In Dr. Phil’s Living by Design podcast, his second episode is chocked so full of good stuff, I am going to cover it in two posts. We began this series about a week ago, with my original post introducing this lovely podcast. His second episode has proved to be just as good!

Dr. Phil talks about four stages of readiness for change. I quote:

Stage 1: is when you are going to commit to a change because is has been assigned by authority. Dr. Phil gives the example of a court ordered anger management program or a mandatory rehab program. He notes that these types of programs generally don’t work to facilitate change as the person is not personally invested in the program.

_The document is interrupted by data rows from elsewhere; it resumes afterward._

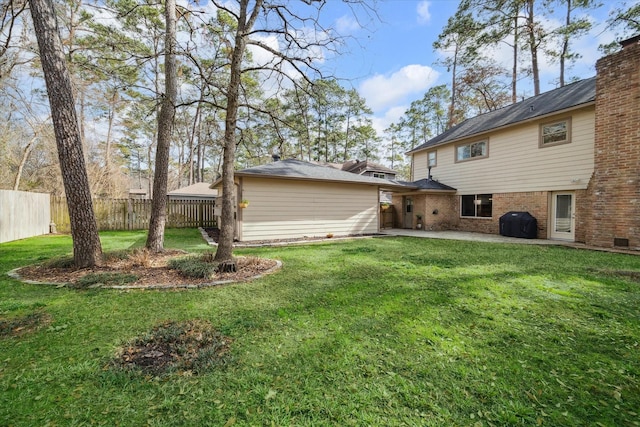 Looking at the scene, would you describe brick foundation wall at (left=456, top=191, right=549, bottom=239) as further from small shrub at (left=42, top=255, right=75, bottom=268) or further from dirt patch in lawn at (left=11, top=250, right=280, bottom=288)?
small shrub at (left=42, top=255, right=75, bottom=268)

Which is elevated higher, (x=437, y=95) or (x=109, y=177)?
(x=437, y=95)

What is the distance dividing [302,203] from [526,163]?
29.0ft

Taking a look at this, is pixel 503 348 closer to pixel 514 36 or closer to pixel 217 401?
pixel 217 401

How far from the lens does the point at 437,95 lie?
2511 cm

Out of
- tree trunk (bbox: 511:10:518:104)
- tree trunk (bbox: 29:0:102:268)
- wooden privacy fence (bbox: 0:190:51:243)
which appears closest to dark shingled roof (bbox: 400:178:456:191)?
tree trunk (bbox: 511:10:518:104)

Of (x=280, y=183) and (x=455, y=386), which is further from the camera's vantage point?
(x=280, y=183)

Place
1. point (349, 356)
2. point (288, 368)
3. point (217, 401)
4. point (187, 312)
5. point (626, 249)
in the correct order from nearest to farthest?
point (217, 401)
point (288, 368)
point (349, 356)
point (187, 312)
point (626, 249)

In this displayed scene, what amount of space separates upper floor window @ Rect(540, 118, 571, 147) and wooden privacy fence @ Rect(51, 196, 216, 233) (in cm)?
1521

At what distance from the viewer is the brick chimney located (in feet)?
23.8

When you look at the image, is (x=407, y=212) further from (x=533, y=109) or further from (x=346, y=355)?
(x=346, y=355)

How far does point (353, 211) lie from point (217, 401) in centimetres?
993

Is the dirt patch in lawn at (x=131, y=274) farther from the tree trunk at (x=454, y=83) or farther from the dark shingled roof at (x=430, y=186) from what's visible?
the tree trunk at (x=454, y=83)

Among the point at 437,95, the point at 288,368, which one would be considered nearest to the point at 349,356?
the point at 288,368

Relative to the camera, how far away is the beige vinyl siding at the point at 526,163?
893 cm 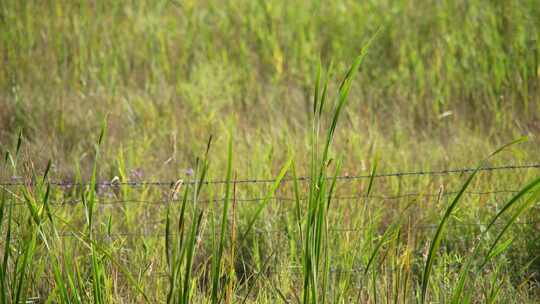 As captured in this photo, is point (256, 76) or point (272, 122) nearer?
point (272, 122)

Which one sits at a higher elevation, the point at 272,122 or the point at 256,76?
the point at 256,76

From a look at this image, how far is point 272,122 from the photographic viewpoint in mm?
4488

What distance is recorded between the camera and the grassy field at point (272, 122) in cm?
312

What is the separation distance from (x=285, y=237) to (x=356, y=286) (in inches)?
22.0

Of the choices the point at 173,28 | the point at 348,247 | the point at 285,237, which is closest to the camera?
the point at 348,247

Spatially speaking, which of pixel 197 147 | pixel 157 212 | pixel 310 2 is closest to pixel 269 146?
pixel 197 147

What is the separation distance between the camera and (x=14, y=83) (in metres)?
5.01

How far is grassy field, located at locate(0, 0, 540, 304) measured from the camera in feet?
10.2

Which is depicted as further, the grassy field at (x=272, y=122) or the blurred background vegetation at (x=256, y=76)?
the blurred background vegetation at (x=256, y=76)

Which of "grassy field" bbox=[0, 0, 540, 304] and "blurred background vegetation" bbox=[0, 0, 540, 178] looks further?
"blurred background vegetation" bbox=[0, 0, 540, 178]

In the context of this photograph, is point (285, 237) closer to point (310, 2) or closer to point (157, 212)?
point (157, 212)

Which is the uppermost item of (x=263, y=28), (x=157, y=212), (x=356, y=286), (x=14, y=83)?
(x=263, y=28)

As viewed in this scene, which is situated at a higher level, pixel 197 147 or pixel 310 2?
pixel 310 2

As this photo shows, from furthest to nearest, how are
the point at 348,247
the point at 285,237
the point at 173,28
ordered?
the point at 173,28 → the point at 285,237 → the point at 348,247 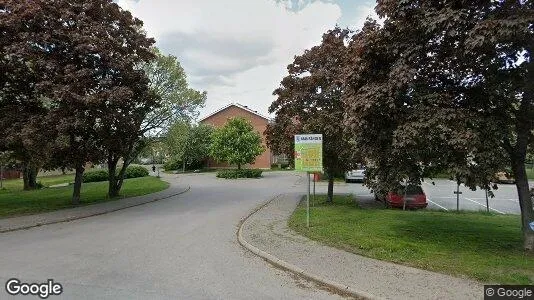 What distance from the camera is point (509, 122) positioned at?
26.9 feet

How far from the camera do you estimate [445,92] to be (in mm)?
8656

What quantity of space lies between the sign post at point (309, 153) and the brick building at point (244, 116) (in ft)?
132

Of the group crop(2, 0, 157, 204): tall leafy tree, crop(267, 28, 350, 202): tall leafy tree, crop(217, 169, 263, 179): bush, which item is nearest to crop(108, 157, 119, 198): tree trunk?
crop(2, 0, 157, 204): tall leafy tree

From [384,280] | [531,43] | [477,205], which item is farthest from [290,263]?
[477,205]

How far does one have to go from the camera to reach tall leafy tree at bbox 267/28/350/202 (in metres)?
15.8

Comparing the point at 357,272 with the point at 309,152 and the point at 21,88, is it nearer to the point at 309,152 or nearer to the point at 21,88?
the point at 309,152

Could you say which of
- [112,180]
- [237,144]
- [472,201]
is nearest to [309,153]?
[112,180]

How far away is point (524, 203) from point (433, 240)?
81.8 inches

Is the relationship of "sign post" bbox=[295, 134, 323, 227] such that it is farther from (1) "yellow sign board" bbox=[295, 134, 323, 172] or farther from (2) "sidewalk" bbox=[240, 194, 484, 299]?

Stage 2: is when you are making a change because somebody else wants you to – you don’t really want to change, but you do it to please someone else. Dr. Phil notes that the chance of achieving meaningful change is slight – perhaps a bit more than stage 1, but not much.

Stage 3: is when you intellectually know you need to change – you don’t really feel it, but at least in your mind you know it needs to be done. Dr. Phil gives the example of smoking; perhaps you know that it is time, it isn’t good for you, your health is starting to show its effects, so we can white-knuckle ourselves through it and still get to change.

Stage 4: is where real change happens. It is when you are mentally and emotionally ready for a change; when you can look in the mirror and say “I will not take this from myself for one minute longer – I will face my fear and make the changes necessary to see real results.”

I appreciate Dr. Phil spelling it out for us; very often we can feel some inner resistance to change and perhaps this can be a starting point in our journey. Maybe step 1 is to do some self-reflection as to what stage of readiness we are in so as to get a clearer picture of the path we need to take to get to our goals.